### DATASET RECORDS

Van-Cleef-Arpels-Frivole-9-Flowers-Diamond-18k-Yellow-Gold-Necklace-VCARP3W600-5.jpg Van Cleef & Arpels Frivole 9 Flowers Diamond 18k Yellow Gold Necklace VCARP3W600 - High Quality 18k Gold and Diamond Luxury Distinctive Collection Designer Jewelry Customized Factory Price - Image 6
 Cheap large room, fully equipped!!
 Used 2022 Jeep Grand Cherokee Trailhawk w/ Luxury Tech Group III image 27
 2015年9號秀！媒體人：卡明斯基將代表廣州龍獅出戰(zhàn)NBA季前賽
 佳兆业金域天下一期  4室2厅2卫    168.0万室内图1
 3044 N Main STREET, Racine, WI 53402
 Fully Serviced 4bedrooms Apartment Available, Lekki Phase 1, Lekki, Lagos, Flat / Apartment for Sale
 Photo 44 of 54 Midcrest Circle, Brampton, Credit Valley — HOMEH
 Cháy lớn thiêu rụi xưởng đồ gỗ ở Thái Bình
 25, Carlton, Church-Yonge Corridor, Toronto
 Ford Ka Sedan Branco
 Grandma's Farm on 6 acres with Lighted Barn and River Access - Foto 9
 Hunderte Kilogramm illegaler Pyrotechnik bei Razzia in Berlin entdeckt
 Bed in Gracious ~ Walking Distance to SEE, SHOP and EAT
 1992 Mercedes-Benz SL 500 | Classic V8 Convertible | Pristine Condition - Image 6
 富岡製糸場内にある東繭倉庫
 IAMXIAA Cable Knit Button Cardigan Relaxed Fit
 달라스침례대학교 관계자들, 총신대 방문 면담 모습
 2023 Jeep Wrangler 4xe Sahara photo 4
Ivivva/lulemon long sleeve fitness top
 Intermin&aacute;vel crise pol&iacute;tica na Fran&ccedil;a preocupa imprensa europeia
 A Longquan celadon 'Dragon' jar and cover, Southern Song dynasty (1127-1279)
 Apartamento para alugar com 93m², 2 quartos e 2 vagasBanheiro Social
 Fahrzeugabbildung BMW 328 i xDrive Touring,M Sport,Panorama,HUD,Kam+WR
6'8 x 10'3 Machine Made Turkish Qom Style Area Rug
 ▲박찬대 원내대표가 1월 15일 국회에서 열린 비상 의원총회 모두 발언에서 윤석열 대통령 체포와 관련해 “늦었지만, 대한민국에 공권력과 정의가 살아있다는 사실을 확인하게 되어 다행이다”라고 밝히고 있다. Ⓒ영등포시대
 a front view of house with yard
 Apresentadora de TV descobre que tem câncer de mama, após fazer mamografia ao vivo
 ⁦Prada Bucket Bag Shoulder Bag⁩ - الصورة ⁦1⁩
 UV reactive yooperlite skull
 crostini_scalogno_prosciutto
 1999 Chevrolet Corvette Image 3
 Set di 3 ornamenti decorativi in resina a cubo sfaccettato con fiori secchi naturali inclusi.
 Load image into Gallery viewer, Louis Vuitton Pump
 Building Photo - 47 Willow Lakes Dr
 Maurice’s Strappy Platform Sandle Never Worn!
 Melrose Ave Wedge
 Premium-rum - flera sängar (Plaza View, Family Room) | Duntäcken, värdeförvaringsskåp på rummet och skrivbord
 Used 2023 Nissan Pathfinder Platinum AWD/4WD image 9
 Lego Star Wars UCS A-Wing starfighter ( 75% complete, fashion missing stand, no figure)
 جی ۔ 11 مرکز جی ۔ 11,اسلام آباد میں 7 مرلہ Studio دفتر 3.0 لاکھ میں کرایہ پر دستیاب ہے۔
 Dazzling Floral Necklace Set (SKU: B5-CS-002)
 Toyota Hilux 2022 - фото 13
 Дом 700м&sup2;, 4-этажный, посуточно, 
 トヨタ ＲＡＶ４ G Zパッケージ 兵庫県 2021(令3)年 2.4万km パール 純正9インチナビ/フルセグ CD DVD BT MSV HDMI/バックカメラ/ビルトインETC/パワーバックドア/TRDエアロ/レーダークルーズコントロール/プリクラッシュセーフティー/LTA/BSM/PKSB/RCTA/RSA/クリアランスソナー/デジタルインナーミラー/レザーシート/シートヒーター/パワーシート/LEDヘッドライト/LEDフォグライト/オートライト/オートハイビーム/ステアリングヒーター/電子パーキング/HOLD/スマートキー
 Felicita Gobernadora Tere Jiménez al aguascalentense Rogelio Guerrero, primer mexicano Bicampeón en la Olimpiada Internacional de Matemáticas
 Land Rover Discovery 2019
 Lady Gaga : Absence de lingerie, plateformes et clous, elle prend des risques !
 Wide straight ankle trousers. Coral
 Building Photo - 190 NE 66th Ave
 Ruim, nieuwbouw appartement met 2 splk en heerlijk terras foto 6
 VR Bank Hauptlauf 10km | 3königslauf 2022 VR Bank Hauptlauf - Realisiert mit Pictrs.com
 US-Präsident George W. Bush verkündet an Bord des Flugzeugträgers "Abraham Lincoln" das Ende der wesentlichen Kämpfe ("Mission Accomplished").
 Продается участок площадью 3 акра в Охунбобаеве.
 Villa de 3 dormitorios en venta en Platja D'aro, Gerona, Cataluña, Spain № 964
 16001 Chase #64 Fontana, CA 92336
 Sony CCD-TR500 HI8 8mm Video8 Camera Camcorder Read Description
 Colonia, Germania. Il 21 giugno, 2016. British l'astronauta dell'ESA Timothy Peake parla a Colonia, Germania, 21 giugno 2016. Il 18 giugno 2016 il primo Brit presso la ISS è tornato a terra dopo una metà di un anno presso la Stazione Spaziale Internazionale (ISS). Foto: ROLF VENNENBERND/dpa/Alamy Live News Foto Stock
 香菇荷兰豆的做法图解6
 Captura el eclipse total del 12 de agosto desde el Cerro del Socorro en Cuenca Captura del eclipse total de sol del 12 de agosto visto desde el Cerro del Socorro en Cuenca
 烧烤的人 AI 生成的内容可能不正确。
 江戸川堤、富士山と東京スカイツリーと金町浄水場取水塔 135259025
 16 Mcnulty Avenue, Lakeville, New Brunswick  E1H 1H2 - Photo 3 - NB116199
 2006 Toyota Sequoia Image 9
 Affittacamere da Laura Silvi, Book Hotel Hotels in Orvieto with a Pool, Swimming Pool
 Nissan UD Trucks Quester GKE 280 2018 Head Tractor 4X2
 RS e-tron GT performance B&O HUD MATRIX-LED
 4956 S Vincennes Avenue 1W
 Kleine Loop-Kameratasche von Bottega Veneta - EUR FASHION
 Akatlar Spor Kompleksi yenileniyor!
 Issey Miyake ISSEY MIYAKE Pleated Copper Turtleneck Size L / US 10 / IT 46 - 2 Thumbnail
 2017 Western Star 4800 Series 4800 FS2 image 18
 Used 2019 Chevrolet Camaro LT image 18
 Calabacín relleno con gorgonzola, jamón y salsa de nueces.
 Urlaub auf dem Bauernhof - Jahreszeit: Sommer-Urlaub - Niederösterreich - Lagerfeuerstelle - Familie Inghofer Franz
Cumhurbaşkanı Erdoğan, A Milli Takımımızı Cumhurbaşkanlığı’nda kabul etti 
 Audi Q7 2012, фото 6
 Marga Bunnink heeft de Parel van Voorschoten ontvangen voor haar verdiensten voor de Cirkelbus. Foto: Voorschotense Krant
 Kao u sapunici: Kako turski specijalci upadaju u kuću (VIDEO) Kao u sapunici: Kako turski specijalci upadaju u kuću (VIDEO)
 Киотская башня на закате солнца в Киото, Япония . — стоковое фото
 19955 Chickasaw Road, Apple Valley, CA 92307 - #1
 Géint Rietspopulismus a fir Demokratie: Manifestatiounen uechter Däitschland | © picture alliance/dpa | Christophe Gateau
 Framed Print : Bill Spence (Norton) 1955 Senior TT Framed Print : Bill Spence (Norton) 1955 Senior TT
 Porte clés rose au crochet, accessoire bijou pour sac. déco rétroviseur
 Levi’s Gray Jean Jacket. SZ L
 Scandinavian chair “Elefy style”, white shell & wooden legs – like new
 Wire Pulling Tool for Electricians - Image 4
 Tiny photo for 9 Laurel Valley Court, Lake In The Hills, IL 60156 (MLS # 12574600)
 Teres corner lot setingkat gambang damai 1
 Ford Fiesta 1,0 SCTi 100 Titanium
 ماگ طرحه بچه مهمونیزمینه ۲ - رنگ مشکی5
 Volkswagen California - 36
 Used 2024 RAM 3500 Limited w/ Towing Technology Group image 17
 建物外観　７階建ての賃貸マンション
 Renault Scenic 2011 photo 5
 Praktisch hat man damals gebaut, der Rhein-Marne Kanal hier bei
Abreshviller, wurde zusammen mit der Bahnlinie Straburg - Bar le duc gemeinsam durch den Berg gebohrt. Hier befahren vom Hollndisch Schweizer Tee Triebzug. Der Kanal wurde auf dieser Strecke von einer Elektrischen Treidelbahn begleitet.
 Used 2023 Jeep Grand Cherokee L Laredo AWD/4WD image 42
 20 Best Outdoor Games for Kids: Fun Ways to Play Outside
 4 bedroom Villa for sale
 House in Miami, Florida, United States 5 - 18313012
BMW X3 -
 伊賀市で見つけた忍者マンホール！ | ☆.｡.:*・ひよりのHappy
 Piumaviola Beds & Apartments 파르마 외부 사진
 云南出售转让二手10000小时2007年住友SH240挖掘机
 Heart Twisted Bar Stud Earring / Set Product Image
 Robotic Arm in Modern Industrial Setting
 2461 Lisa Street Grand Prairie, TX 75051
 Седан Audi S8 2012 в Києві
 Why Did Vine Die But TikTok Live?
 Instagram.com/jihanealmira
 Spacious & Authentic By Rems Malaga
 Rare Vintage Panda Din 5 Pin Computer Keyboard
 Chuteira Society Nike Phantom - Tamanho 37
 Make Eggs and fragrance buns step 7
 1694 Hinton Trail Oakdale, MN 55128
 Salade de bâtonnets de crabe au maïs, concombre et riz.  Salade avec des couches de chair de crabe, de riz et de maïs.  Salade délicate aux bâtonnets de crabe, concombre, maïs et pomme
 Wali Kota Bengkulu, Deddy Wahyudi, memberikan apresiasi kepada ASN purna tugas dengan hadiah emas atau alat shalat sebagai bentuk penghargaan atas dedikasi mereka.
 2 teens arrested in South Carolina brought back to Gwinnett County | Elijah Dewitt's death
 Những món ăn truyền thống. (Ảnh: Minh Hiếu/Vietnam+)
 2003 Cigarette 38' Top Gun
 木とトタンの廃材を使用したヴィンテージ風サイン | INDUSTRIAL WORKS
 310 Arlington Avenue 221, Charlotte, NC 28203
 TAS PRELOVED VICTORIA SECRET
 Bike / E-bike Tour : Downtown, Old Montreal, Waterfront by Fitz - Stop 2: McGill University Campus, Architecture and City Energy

### DESCRIPTION OF THE TASK
Exactly as they stand, set down the lines from the top of the data through the line with "3044 N Main STREET, Racine, WI 53402".

### WRITTEN RESPONSE
Van-Cleef-Arpels-Frivole-9-Flowers-Diamond-18k-Yellow-Gold-Necklace-VCARP3W600-5.jpg Van Cleef & Arpels Frivole 9 Flowers Diamond 18k Yellow Gold Necklace VCARP3W600 - High Quality 18k Gold and Diamond Luxury Distinctive Collection Designer Jewelry Customized Factory Price - Image 6
 Cheap large room, fully equipped!!
 Used 2022 Jeep Grand Cherokee Trailhawk w/ Luxury Tech Group III image 27
 2015年9號秀！媒體人：卡明斯基將代表廣州龍獅出戰(zhàn)NBA季前賽
 佳兆业金域天下一期  4室2厅2卫    168.0万室内图1
 3044 N Main STREET, Racine, WI 53402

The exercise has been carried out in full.